(Let me apologize before you start for the length of this blog entry. If it were a magazine article I’d spend hours more trying to edit it to perhaps half its current length. But this is a blog, and the thing about blogs is that they are usually stream of conscience rather than highly thought through and edited. And when I stream my thoughts, well…)
One of my recent postings brought up a reply that essentially says “touch and gestures is old thinking, I want a speech-based user interface”. Ah, wouldn’t we all? Generalized speech recognition is one of the “Holy Grail”‘s of Computer Science. I can still remember one of my friend’s returning from Carnegie Mellon University for a summer break in the mid-1970s and going on about how generalized speech recognition (he’d been working on Hearsay-II) was right around the corner. 35ish years later and we are still not quite there. I still pick on him about it. A couple of years ago I teased Microsoft’s Chief Research Officer (and former CMU professor), Rick Rashid, about this. Rick correctly pointed out that we have come a long way and that speech recognition is now entering widespread, if more targeted, use. So I’m going to talk about the evolution of computer User Interface, where we seem to be with speech, and why speech may never become the primary mode of computer interaction.
When it comes to direct human interaction with computers the way it all started was by taking existing tools and figuring out how to wire them up to the computer. We had typewriters, so by hooking a typewriter to the computer you could input commands and data to it and the computer could print its output. We had oscilloscopes so by hooking one up to the computer we could output more graphical information.
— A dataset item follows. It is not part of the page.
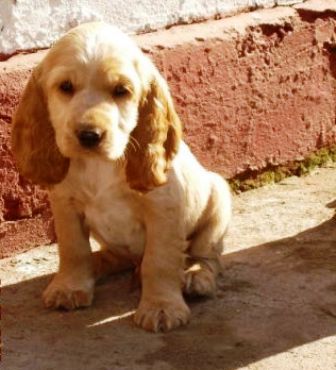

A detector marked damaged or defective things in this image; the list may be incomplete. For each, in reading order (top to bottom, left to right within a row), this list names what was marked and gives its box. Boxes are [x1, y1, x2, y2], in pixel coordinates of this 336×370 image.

cracked concrete floor [0, 166, 336, 368]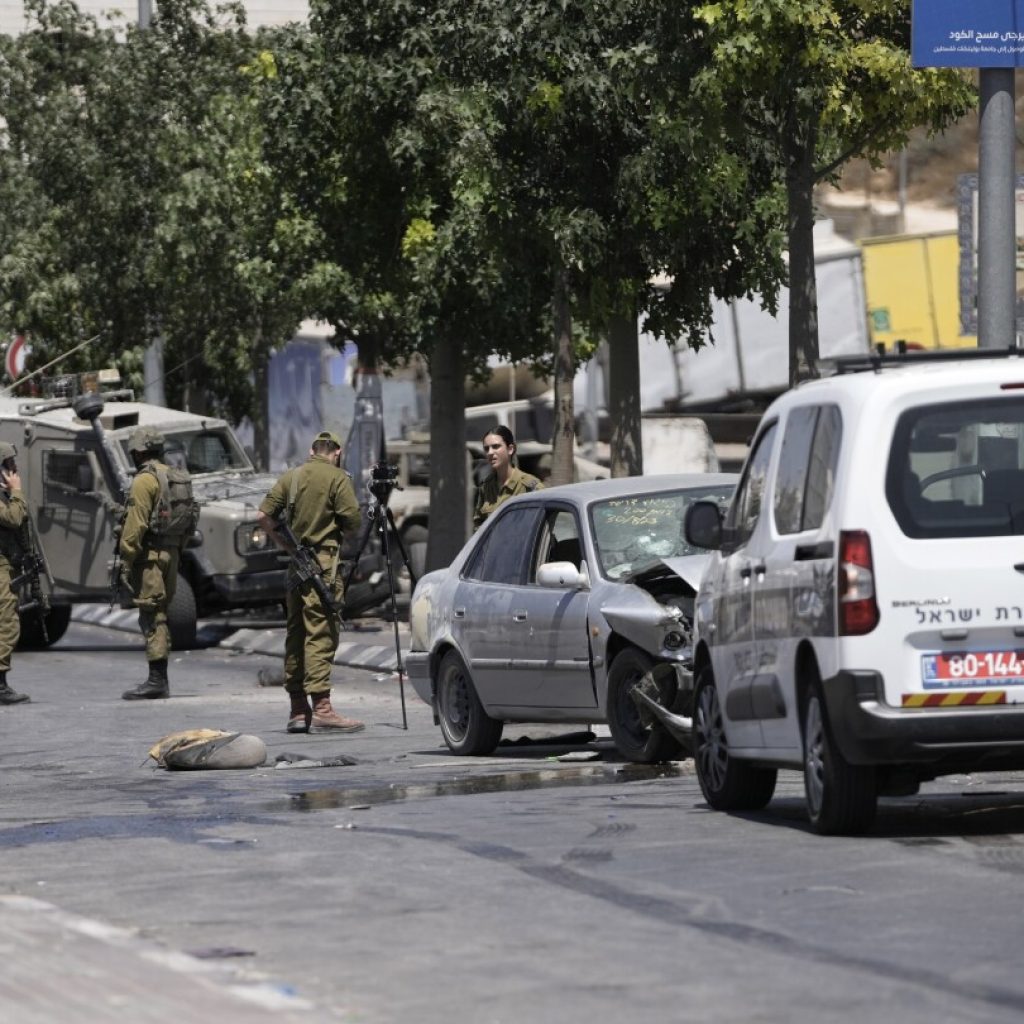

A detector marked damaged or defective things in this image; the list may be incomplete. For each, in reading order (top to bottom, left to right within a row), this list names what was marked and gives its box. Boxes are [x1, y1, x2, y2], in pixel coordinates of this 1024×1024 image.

We had to create a language you talked to the computer in and those command line (aka command shell) languages became the primary means of interacting with computers in the 1960s, 70s, and 80s. Even today Linux, Windows, MAC OS, etc. all have command line languages and they are often used to perform more esoteric operations on the systems. The nice thing about command line languages is that they are dense and precise. The bad thing is that they are unnatural (requiring wizard-level experts who have trained on and utilized them for years).
These three attributes, density (how much information can be conveyed in a small space), precision (how unambiguous is the information conveyed), and how natural (to the way humans think and work) can be used to evaluate any style of computer interaction. The ideal would be for interactions to be very dense, very precise, and very natural. The reality is that these three attributes work against one another and so all interaction styles are a compromise.
As far back as the 1960s researchers were looking for a more natural style of computer interaction than command lines. And obviously Science Fiction writers were there too. For example in the original Star Trek we see interactive graphic displays, tablet style computers, sensor-based computers (e.g., Tricorder) and computers with full speech recognition. Who can forget Teri Garr’s amazement at seeing a speech controlled typewriter in 1968′s “Assignment: Earth” episode? Yet these were all truly science fiction at the time. Interestingly Star Trek never showed use of a computer mouse, and in the Star Trek Movie “The Voyage Home” when Scotty sees one he has no idea what it is. I find that interesting because the computer mouse was invented in 1963, although most people would never see one until the 1990s.
The command line world wasn’t static and continued to evolve. As video terminals began to replace typewriter-style terminals (or “teletypes”) they evolved from being little more than glass teletypes to being capable of displaying forms for data input and displaying crude graphics for output. Some more human-oriented command languages, such as the Digital Command Language (DCL) appeared. Some command line processors (most notably that of DEC’s TOPS-20) added auto-completion and in-line help, making command lines much easier to use by non-experts. Of all these only Forms altered the basic Density, Precision, Naturalness equation by allowing Task Workers (e.g., order entry clerks) to make use of computers. After all, filling out forms is something that humans have been doing for at least a couple of centuries.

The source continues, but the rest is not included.